I guess somebody will sleep better at night knowing our Department of Homeland Security is shaking down music and video pirates. Their new plan: Strategy Targeting Organized Piracy (STOP), a crackdown on the theft of U.S. intellectual property such as pirated compact discs and knockoff auto parts. The effort is consuming the attentions of Attorney General John Ashcroft, Commerce Secretary Don Evans and U.S. Trade Representative Robert Zoellick and senior officials from the Department of Homeland Security.

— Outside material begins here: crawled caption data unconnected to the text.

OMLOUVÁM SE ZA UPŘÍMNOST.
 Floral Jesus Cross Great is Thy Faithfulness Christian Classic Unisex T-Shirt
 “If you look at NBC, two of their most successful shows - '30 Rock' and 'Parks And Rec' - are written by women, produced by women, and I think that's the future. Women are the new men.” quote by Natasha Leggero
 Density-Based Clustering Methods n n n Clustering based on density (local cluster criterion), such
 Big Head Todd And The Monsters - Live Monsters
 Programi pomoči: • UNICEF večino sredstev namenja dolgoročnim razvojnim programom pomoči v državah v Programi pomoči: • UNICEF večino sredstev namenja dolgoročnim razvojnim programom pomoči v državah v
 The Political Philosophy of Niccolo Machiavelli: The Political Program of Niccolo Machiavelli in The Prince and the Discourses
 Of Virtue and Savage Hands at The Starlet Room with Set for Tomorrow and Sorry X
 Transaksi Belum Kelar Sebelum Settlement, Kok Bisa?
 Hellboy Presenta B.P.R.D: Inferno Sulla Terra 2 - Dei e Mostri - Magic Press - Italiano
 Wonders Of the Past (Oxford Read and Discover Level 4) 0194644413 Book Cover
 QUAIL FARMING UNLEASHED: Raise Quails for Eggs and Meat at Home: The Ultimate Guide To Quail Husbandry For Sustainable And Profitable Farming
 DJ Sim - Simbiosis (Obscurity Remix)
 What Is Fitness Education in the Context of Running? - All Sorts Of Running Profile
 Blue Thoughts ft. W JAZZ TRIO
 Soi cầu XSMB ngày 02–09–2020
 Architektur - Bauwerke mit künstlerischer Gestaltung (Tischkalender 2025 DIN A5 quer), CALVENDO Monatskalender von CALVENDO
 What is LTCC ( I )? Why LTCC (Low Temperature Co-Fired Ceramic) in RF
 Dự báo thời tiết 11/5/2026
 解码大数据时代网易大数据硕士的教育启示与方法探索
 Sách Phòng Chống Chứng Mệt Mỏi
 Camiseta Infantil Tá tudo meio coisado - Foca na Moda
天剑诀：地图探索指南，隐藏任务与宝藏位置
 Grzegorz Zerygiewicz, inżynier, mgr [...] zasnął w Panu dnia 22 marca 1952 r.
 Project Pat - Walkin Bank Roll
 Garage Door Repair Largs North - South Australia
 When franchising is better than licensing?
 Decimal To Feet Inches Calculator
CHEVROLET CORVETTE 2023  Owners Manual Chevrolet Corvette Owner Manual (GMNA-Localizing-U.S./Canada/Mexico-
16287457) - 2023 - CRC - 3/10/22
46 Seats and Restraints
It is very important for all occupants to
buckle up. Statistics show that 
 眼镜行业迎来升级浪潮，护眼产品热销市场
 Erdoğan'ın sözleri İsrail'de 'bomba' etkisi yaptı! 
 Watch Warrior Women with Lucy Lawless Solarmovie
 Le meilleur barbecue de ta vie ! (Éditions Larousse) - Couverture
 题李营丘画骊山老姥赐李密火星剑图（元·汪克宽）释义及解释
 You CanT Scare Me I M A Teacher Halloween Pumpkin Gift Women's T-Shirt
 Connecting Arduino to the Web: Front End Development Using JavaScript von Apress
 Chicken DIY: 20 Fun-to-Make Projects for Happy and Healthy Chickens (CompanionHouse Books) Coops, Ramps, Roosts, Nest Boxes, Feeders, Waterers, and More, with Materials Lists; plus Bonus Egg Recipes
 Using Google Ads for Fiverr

So, here are my complaints: First, while I expect an organization as large as the US Government can take on several “priorities” at once, isn’t it difficult to believe that this should be at the top of the list? Second, I find little or no explanation of why our government should be in the business of ensuring profits for large US companies, when civil law and courts already exist to do the job. When pressed, I’m sure their argument will be something like: pirated material contributes to the financing of criminal and terrorist activities, but it’s a thin thread to follow. Let’s face it, legitimate construction businesses in Saudi Arabia contributed to the finances of terrorists, and there are enough sources of all types that it’s not like anybody could really argue that this is the silver bullet.
So why is the US Government becoming the worlds Copyright, Trademark, and Patent Police?
Because the US’s biggest export is intellectual property and the Bush administration goes where Big Business™ goes.
The result is that hundreds of millions of your tax dollars and US inteligence agency attention is being spent on a project that will neither save consumers money, nor protect them from terrorists.